The LORD is my light and my salvation; whom shall I fear? the LORD is the strength of my life; of whom shall I be afraid?

- Psalm 27:1

David was able to live without fear because he knew that God was there to help him. He had nothing to be afraid of as long as God was his light. We too can be like this - living without fear. But one thing is needed, and that is for God to be the strength of our lives. How can we attain to this? How do we allow God to be the strength of our lives? In an increasingly competitive society, we are taught to be strong. One must never show weakness and if you can’t do something then you need to learn how. Being incapable of something means being a failure and someone who has given up. Society teaches us to trust and rely on ourselves and our own capabilities. But, in order for God to be our strength, it is necessary for us to be able to acknowledge our insufficiency. We must be able to realize that however capable we may be, we are still incomparable to God. However great the accomplishments of men, we must recognize that the accomplishments of God are far greater. When we can see this, we can learn to trust in God. We can learn to let Him take care of our fears. “Behold, God is my salvation; I will trust, and not be afraid: for the LORD GOD is my strength and my song; He also has become my salvation (Isaiah 12:2).” For God to be our strength, we have to trust in Him and stop being afraid. It takes effort to eliminate those feelings of worry, anxiety and fear. It is an instinct to feel anxiety or fear. We need a renewed perspective to be able to overcome these feelings. This comes when we can fully submit ourselves to the power of God. This comes when our trust in Him is evident not just in our words but also our thoughts and actions. This comes when we believe in God in all our entirety. When we believe in God and walk in His ways, we will be assured that, “The LORD is on my side; I will not fear: what can man do to me (Psalm 118:6)?” If the Lord is on our side, what can anyone or anything or any situation do to us? May the Lord be the strength of us all.

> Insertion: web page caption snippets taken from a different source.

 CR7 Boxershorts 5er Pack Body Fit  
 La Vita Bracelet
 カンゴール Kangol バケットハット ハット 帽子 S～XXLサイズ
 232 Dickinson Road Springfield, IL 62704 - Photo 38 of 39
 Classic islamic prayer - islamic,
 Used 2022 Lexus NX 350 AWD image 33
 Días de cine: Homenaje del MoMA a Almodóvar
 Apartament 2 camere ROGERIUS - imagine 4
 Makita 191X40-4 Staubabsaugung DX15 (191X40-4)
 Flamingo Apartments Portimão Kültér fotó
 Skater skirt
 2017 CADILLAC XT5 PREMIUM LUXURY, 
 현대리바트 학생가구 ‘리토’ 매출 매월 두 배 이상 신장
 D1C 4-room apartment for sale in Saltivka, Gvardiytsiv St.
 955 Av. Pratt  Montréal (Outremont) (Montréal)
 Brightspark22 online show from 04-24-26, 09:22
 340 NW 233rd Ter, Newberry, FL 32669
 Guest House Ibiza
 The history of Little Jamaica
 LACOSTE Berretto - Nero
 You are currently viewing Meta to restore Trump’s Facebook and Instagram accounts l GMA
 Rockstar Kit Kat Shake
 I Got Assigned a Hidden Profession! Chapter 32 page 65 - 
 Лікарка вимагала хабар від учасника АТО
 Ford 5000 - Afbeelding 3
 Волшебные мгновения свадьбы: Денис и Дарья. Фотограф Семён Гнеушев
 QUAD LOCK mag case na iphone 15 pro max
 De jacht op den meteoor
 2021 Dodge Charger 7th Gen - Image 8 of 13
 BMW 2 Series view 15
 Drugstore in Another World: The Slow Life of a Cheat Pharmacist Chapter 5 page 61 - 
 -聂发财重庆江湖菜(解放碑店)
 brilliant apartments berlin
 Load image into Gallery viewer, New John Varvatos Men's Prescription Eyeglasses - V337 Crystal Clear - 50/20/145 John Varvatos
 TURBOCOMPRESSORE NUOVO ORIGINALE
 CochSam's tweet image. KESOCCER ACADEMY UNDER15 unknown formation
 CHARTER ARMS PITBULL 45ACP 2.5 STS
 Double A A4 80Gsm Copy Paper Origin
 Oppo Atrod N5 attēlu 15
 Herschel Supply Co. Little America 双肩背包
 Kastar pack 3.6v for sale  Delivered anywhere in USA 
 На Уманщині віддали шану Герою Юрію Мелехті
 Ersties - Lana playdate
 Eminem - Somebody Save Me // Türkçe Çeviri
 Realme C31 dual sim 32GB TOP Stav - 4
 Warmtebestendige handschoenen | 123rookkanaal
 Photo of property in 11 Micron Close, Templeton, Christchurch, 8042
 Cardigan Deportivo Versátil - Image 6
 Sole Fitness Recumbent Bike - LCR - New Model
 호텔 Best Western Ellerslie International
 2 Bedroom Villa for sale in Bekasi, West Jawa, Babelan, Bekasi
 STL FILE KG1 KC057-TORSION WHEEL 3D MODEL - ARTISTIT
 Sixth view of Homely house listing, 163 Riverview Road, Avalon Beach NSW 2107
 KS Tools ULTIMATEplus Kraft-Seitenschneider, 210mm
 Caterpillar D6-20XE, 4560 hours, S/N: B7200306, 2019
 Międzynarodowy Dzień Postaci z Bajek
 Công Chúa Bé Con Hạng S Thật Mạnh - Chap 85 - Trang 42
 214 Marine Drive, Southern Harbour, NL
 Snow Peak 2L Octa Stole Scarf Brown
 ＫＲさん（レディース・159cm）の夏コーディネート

O LORD, I love the habitation of Your house and the place where Your glory dwells.

- Psalm 26:8

This is David’s declaration and truly, this was also how he lived his life. David loved the Lord and God acknowledged David as a man after His own heart (Acts 13:22). It was David who hoped to build a grand temple for the Lord (2 Samuel 7:2). Throughout his life, David sought to be near the Lord. As a king, he had much in possessions. Despite this, he still sought one thing. “One thing have I desired of the LORD, that will I seek after; that I may dwell in the house of the LORD all the days of my life, to behold the beauty of the LORD, and to inquire in his temple (Psalm 27:4).” What do we seek after? Where is the place that we love to be? David was not just willing but eager to dwell in the house of God forever. Do we yearn to be with the Lord in the same way? As we spend this portion of our lives in this world, do we also find joy in the dwelling of the Lord? Or is it only a place where we force ourselves to go? Is it a place where we are easily bored and eager to leave? Is it a place where we spend our time thinking of other places that we would rather be and other things that we would rather be doing? Is it a place where we would rather stay as short as possible? When we observe the way services are arranged in many churches today, we realize that there are identical ones scheduled at multiple times, all with durations of one or two hours. Disregarding, for the moment, the fact that these services are rarely held on the Sabbath, the day of worship has merely become the hour of worship. Many have come to the point of being willing to only spare an hour a week to be in the dwelling of God. It goes without saying that many would much rather be elsewhere. So, the question that we must again ask ourselves is, do we love the habitation of the Lord’s house? Do we too desire to dwell in His house always? Whose heart are we truly after - God’s or our own?